Thursday, November 27, 2008
Happy Thanksgiving 2008!
Wednesday, November 26, 2008
Using Perl for Mass In Place Editing
Have you ever wanted to update some text in a bunch of files all at once without a hassle? I had reason to do this recently and turned to Perl for my solution. Once I found the implementation quirks, it turned out to be quite easy. This functionality is pretty well documented, but not for Windows. There are some gotchas trying to do it there. What follows is what I found to work.
I had a set of files that were database queries for a particular milestone in our product release. Let's call it M1. I needed to update them all for a different milestone that we'll call M2. Each file was an XML version of a query so text parsing seemed like the logical course of action. Perl is good at text processing so I went that route. First off I had to install Perl.

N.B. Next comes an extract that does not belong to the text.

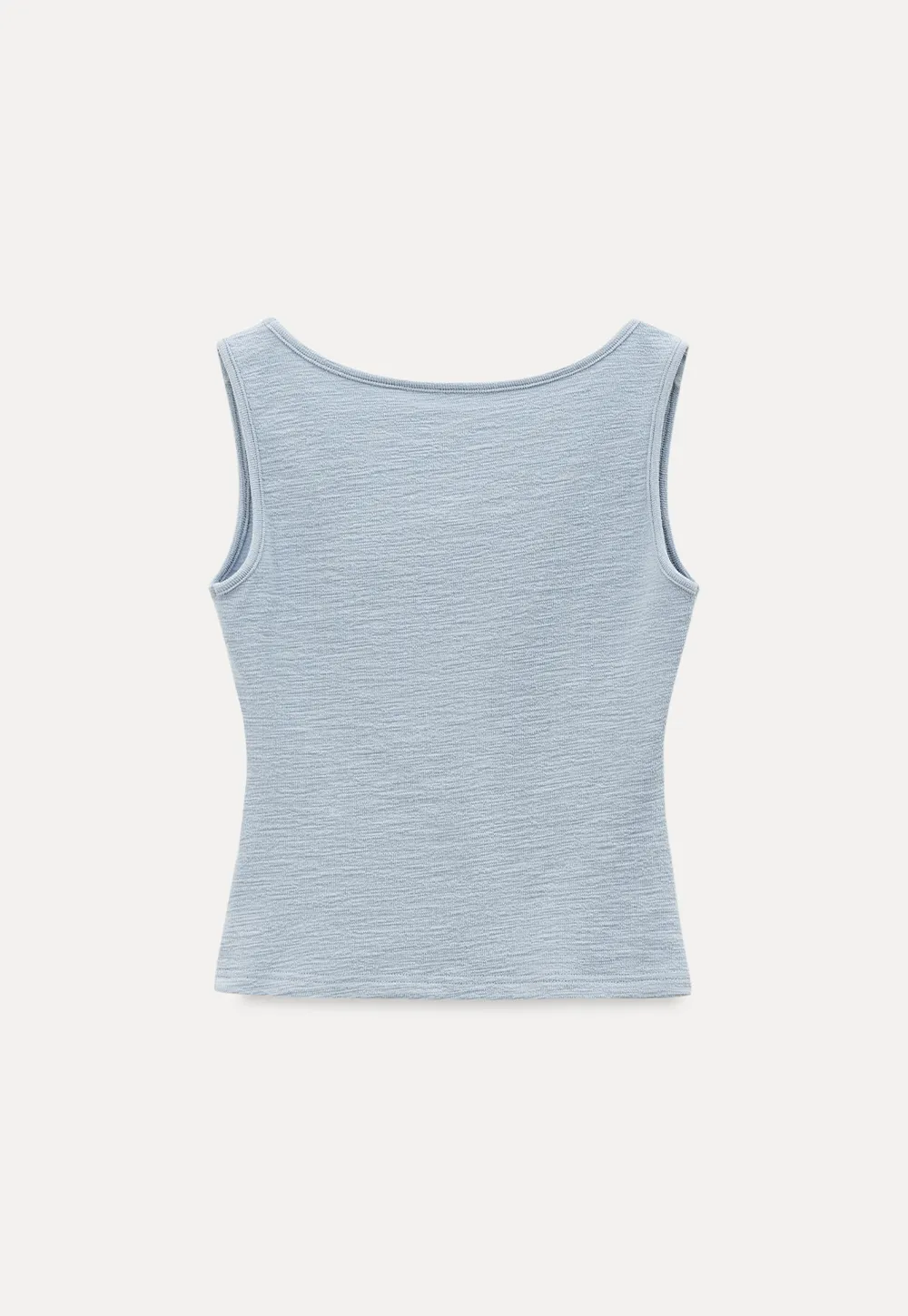 Lace Trimmed Sleeveless Top with Square Neckline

Perl is capable of accepting a single line of code at the command prompt so there is no reason to actually author a perl script. The command for this is -e (execute?). To change something inline, you can use the -i (in place) command. The command looks something like this:
perl -pi.bak -e "s/M1/M2/g" file.txt
The -i.bak means to rename the original files with the .bak extention. In theory -i alone will delete the originals but ActivePerl wouldn't accept this.

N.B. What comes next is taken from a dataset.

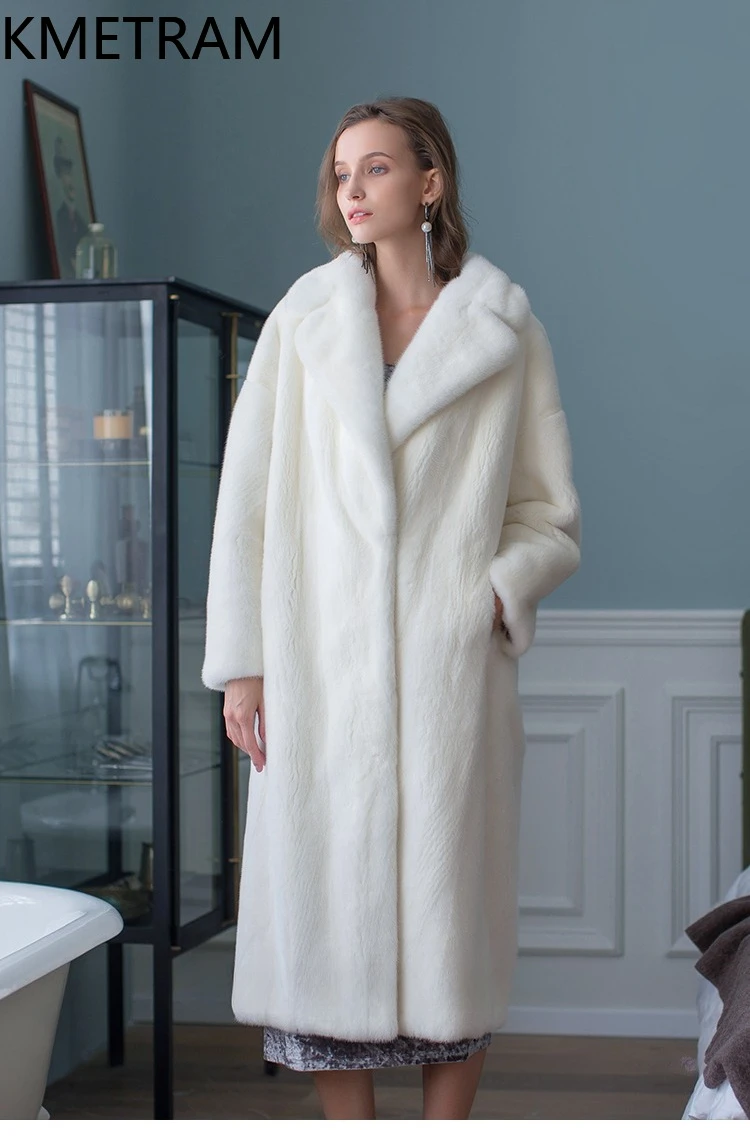 KMETRAM Natuurlijke Paarse Label Grade Fluwelen Nertsenbont Jas Vrouw Hoge Kwaliteit Lange Echte Bontjas Winterkleding 2025 Fourrures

The -p tells perl to run the command over every line of standard input (i.e. over every line of the file).
The "s/M1/M2/g" command is a regular expression telling it to substitute M2 for M1 globally. It could be any regular expression. Note that most examples of this online use only single quotes ( ' ), but this doesn't work on Windows. One hint: If the command fails, try adding -w to the command line to generate warnings.
The above command will change all instances of M1 to M2 in file.txt. What I wanted to do was to replace it in every file. Simple, I'll just change file.txt to *.*. Sorry, no dice. ActivePerl doesn't accept this nor does it accept *. Time for some more command-line action. There is a for command that can be utilized at the cmd prompt which fits the bill. Use it like so:
for %i in (*.txt) do perl -pi.bak -e "s/M1/M2/g" "%i"
This command will iterate over all the files (*.txt) and execute the command following the do. You have to quote the trailing %i because filenames might contain spaces.
There you go, quick and dirty text replacement from the command line. Note that perl regular expressions are capable of much more than simple search and replace. You can use this technique to accomplish anything they can.
Is there an even simpler way to do this? There probably is. If so, please let me know in the comments.
12/4/08 - Updated with -p thanks to Maurits.